My beauty cabinet is practically overflowing with creams, serums, and cleansers - a testament to just how many skincare products I’ve used. Admittedly, there are very few that I actually incorporate into my daily morning and evening routines. As a Black woman, finding an effective skincare product is like finding the proverbial needle in a haystack - it’s possible, just incredibly difficult and time-consuming. This is because most skincare products aren’t formulated with dark skin like mine in mind. 

While the beauty industry as a whole has made huge leaps and bounds toward greater inclusivity in recent years - with makeup brands now offering a multitude of shades that represent different skin tones, the skincare industry still often fails to prioritize diversity. 

For most of my teen and adult life, I’ve suffered from hormonal acne, which affects those with darker skin differently. We often deal with hyperpigmentation, acne scarring, and inflammation after an acne breakout. For this reason, melanated skin has its own needs when it comes to treatment products, and the industry is not meeting them, since most skincare products are formulated with fair skin in mind.

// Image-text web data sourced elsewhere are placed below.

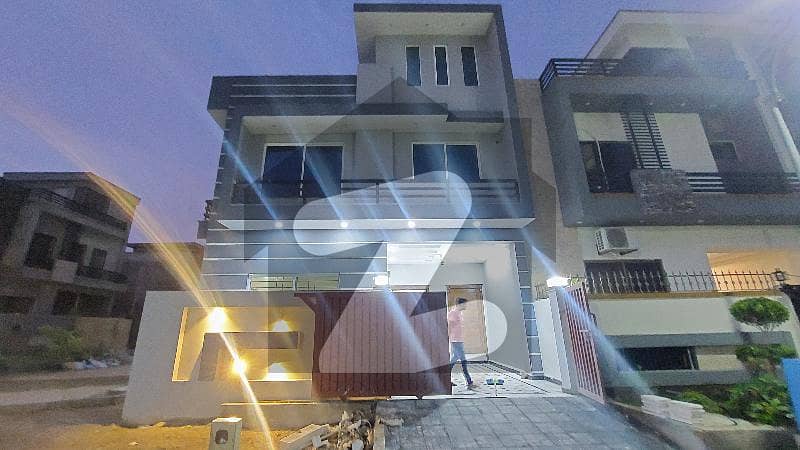 فیصل ٹاؤن - ایف ۔ 18 اسلام آباد میں 6 کمروں کا 5 مرلہ مکان 2.35 کروڑ میں برائے فروخت۔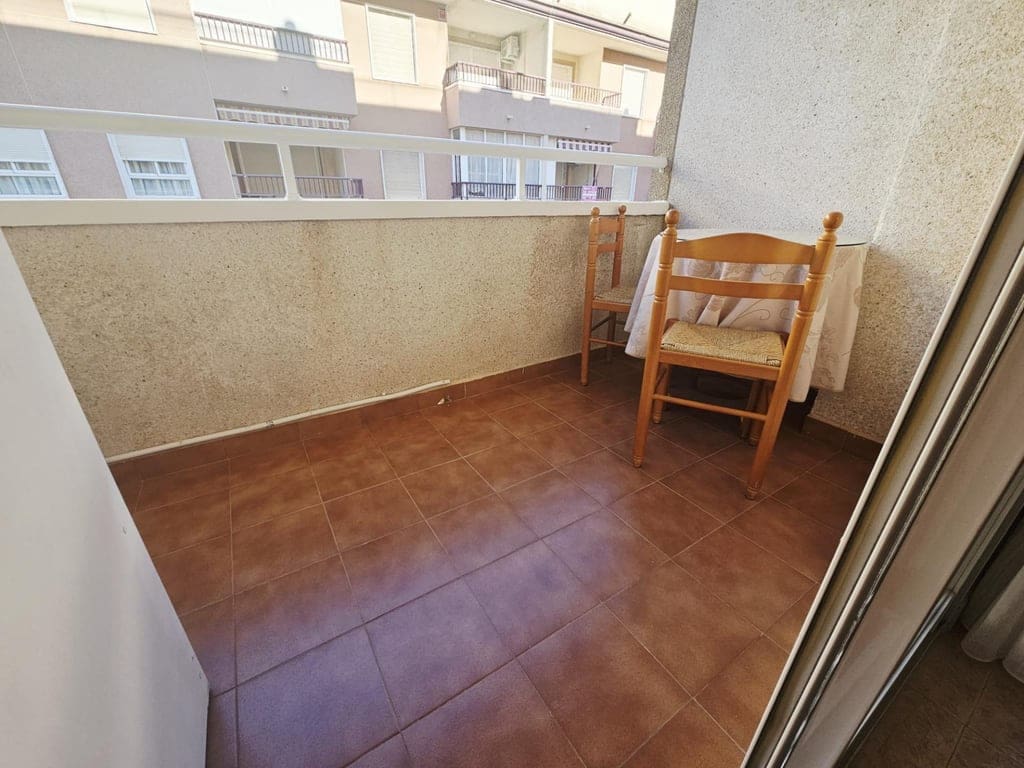 2 bedroom Apartment for sale in Torrevieja with pool garage - € 139,900 (Ref: 9509725)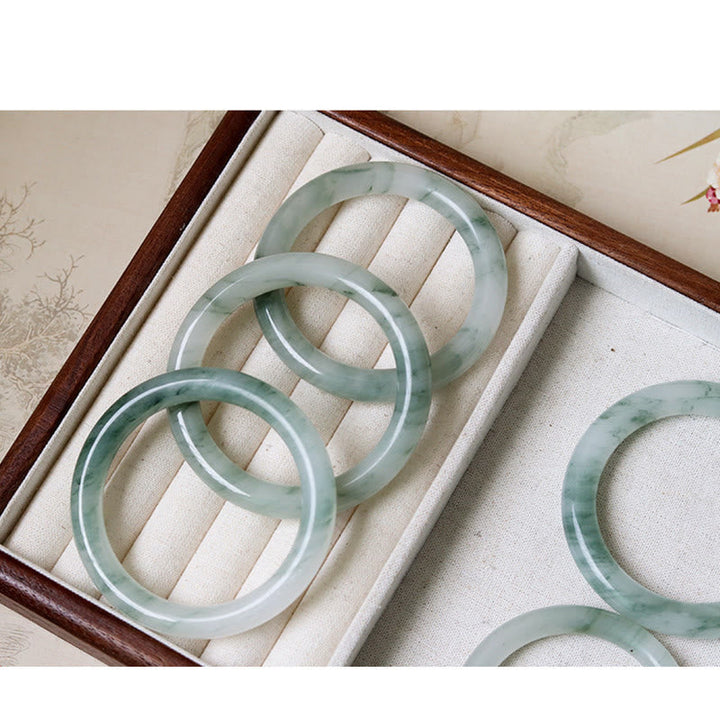 Jade Armband Luck grüner Naturstein Armreif elegant präsentiert.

I always make sure to use products that work to treat these issues in darker skin tones, and it has never failed me. My personal favorites: CELLRENEW Collagen Stem Cell Serum and the SUNNYSIDE Brush-On Mineral Sunscreen by CLEARSTEM. These products help regulate my hormonal acne and protect my skin from hyperpigmentation. 

After being introduced to CLEARSTEM, I was curious about the inspiration behind the line and why it prioritizes inclusivity and melanated skin. “CLEARSTEM was born from an organic need to help people with darker skin heal from scar damage. Our methods for clearing acne are highly effective, however, the majority of our clients have darker skin tones and were left with horrible scarring.” Co-founder Danielle Gronich told me. “When the skin leans darker or tans quickly, hyperpigmentation, brown spots, and discoloration from acne can quickly take over the face - and the most frustrating part is that traditional methods for removing scars (like chemical peels and lasers) can’t always be done because they could also cause hyperpigmentation.” Gronich is half Peruvian and hyperpigments “like crazy”, she told me.

CLEARSTEM is one of the few treatment products that work on darker skin and more skincare brands need to consider people of color in their formulations and marketing efforts. 

Brands like Fenty Beauty, Dove, CLEARSTEM, and Covergirl have demonstrated a strong commitment to diversity and inclusion in their advertising campaigns, highlighting that beauty does not have one look. Candidly, I feel much more inclined to buy a product if they are inclusive in their marketing efforts. If I see someone who looks like me, I feel represented and included. 

Gronich’s inspiration behind creating CLEARSTEM gives me hope. There are so many Black and Brown girls like me who have felt frustrated and ignored by the industry, and I can only hope that more founders consider women of color when formulating their products.